As you may have guessed by now, Shoulder-a-Coffin Kuro is the work of a rookie. A promising one with excellent draftsmanship who has gotten cute catgirls down to a science (and if she continues to produce content for the manga industry, I wouldn't be surprised by leagues of rapid improvement in subsequent series), but a rookie nonetheless. There are several wasted opportunities here; the worst by far is not giving the snarky, hard-drinking bat Sen a better design. Okay, so the bat was there to provide a much needed bit of cynical levity. Yet why bother with a large cast of cute humanoid characters when the non-humanoid sidekick isn't cute too?
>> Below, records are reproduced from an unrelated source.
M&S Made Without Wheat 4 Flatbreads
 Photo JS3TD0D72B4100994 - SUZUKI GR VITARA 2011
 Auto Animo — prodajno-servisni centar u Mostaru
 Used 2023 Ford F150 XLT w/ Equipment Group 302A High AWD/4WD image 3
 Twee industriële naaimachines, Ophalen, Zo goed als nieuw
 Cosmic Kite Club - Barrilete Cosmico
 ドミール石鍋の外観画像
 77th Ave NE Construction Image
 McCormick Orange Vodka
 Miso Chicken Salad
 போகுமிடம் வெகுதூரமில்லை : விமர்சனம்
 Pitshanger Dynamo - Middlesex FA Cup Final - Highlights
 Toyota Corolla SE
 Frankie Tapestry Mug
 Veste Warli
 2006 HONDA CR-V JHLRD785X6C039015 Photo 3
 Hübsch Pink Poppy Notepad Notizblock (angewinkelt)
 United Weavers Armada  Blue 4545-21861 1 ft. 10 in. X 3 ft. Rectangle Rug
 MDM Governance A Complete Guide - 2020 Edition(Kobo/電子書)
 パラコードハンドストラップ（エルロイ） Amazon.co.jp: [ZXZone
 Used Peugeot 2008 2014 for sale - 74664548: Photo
More complaints: the larger mystery behind Kuro's apparent plight and ultimate objective in her search for a (the?) witch does not get spun out in the most effective, suspenseful fashion. The chapters are not temporally linear, though this only gradually becomes apparent, and certain explanatory events early in the volume actually occur after those that appear later. Other chapters are totally ambiguous in their temporal placement. Yet rearranging the plot in this way does not seem to add anything to the reading experience besides vague annoyance. And when combined with hard to translate gender confusion that had me mentally trying (and failing—this was, my hats off to Yen Press, a well-adapted translation) to return the English prose to its original Japanese to figure out what had and had not been interpolated, I can't say I was having much fun.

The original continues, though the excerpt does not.